20 30

CanMEDS-rol 4: Reflectieve EBP-professional

Terug naar CanMEDS-rollen BN2030

De Reflectieve EBP-professional toont probleemoplossende vaardigheden. Dit omvat onder meer het onderbouwen van en reflecteren op professioneel handelen van de verpleegkundige en de deskundigheidsbevordering. De verpleegkundige besluitvorming is gebaseerd op de afweging van wetenschappelijke kennis, professionele expertise en wensen en voorkeuren van de zorgvrager.

Competentie 1

De verpleegkundige toont onderzoekend vermogen door klinische vragen te signaleren, door relevant wetenschappelijk en praktijkgericht onderzoek te interpreteren en resultaten te implementeren in het beroepsmatig handelen.
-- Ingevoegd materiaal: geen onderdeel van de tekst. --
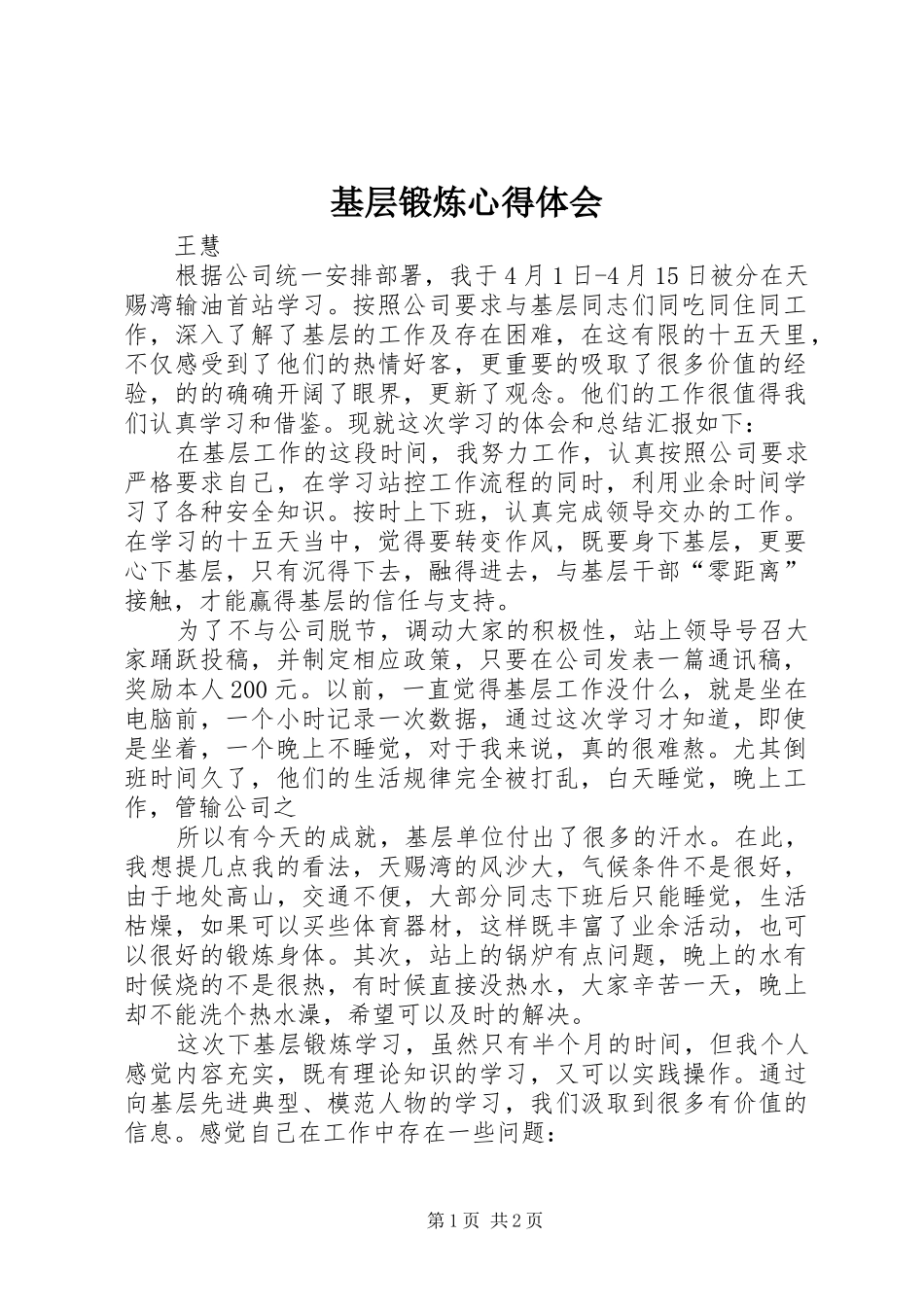 2024年基层锻炼心得体会_第1页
De verpleegkundige draagt bij aan praktijkgericht onderzoek om nieuwe kennis te genereren en te implementeren voor innovaties in de beroepsuitoefening en bevordert de eigen deskundigheid en die van collega’s.

Competentie 2

De verpleegkundige reflecteert op het eigen handelen vanuit inhoudelijk, procesmatig en morele sensitief perspectief.

Kernbegrippen

  • Onderzoekend vermogen: Onderzoekend vermogen omvat drie componenten:
    1. Onderzoekende houding. Dit is in de volgende zes aspecten te onderscheiden, namelijk kritisch zijn, willen begrijpen, willen bereiken, willen delen, willen vernieuwen, willen weten.
    2. Gebruikmaken van kennis van anderen. Hieronder vallen de drie pijlers van EBP: de best beschikbare wetenschappelijke kennis, de professionele expertise, en de voorkeuren en wensen van de zorgvrager.
    3. Zelf onderzoek doen. Zelf de onderzoekcyclus kunnen doorlopen, waarbij de data die verzameld worden ook uit secundaire bronnen of de literatuur mogen komen. Het gaat erom dat de verpleegkundige het principe van de onderzoekscyclus begrijpt en hanteert.
  • Deskundigheidsbevordering: Het actief bijdragen aan het zoeken, ontwikkelen en delen van nieuwe (vormen van) kennis ter bevordering van de deskundigheid van zichzelf en anderen.
  • Professionele reflectie: Het kritisch beschouwen van het eigen verpleegkundig gedrag en dat van het team tijdens (‘in action’) en na (‘on action’) de zorgverlening op basis van professionele standaarden (beroepsprofiel, beroepscode) en het handelen kunnen bespreken in het intra- en interprofessionele overleg.
  • Morele sensitiviteit: Het tonen van een voortdurende gevoeligheid voor de normen en waarden van alle betrokkenen in het zorgproces om persoonsgerichte zorg te kunnen bieden.